En effet il y présente une de ses œuvres majeures « Les Libraires aveugles », une
toile importante aux vastes dimensions qui résume tout son univers tourmenté.
Cette toile réconcilie en effet le combat constant entre sa jeunesse bloquée et son cheminement d’aujourd’hui qui lui permet de se retirer par la peinture ‘au fond de lui-même’.
Aussi les larges et brutaux coups de pinceaux qui font éclater dans la grisaille environnante un magistral éclat d’un jaune puissant, digne de van Gogh, tissent la riche symbolique des ‘Libraires aveugles’.
Sous un ciel tourmenté deux personnages assez frustres, dont l’un avec un long bâton à la main, serait-ce Balaam ?- et l’autre, un miroir également à la main dans lequel il semble s’y reconnaitre, s’engagent en tâtonnant sur une route, précédés d’une ânesse. Le bât de l’ânesse déborde de livres et d’écrits. Sur un des recueils on lit ‘LVI Psaume – Sermon au peuple. Pour Garouste ces quelques lignes sont un véritable manifeste, le moyen de dire à sa génération combien elle se trompait. Combien sa peinture veut lutter contre les manipulations religieuses, contre les avant-gardes, contre les instances officielles et muséales. Combien le monde se meut dans une époque faible, soûlée de télévision, de gadgets et de performances fumeuses !
Plus de 600 tableaux jalonnent son itinéraire artistique. Il souhaite et espère qu’il laissera une trace de son passage pour les générations futures.

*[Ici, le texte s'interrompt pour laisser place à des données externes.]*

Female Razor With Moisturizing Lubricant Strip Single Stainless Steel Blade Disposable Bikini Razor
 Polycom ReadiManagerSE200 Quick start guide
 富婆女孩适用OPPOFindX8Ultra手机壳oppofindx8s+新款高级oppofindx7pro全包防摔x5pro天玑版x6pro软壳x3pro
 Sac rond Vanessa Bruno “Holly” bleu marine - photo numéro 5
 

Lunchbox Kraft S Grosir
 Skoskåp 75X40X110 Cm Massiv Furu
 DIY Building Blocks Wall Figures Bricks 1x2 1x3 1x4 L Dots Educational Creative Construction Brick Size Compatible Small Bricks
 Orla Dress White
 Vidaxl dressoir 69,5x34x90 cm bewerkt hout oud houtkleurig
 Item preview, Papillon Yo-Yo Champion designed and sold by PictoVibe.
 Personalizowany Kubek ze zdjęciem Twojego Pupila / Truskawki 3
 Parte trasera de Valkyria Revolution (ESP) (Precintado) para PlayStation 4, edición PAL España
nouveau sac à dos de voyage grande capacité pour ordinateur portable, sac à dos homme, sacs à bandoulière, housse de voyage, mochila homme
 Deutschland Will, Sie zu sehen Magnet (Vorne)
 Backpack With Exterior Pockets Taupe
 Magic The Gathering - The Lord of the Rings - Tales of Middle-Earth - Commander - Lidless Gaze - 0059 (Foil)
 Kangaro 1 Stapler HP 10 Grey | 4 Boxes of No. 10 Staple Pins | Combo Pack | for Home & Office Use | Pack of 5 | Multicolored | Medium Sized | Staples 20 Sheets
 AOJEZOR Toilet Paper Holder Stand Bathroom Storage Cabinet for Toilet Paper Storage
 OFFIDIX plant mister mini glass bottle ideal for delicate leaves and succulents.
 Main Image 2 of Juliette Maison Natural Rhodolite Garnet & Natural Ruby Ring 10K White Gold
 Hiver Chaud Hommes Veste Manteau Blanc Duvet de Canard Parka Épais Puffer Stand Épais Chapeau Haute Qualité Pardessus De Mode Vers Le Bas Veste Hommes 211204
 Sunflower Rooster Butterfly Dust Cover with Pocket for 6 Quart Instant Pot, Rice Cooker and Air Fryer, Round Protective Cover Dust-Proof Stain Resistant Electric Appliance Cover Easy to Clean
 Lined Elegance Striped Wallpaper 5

Aujourd’hui Garouste semble plus apaisé, comme il aime le rappeler finement : « Depuis peu un oiseau a fait son nid sur ma tête ». L’oiseau de la légèreté, des trilles gais, des envols lumineux dans un ciel moins orageux et moins terrible.
Avant de se quitter il me retint pour me parler de son association ‘La Source’. Grace à un entretien avec Michel Roccard le projet ‘La Source’ fut mis sur pied et fonctionne depuis plus de vingt ans. Cette association montre à ceux qui sont exclus, qui sont aux portes des grandes villes, qu’un autre monde existe qui peut leur apporter le beau, le désir et l’envie de se surpasser.
Exposition au Centre Pompidou, du 7 septembre 2022 au 2 janvier 2023.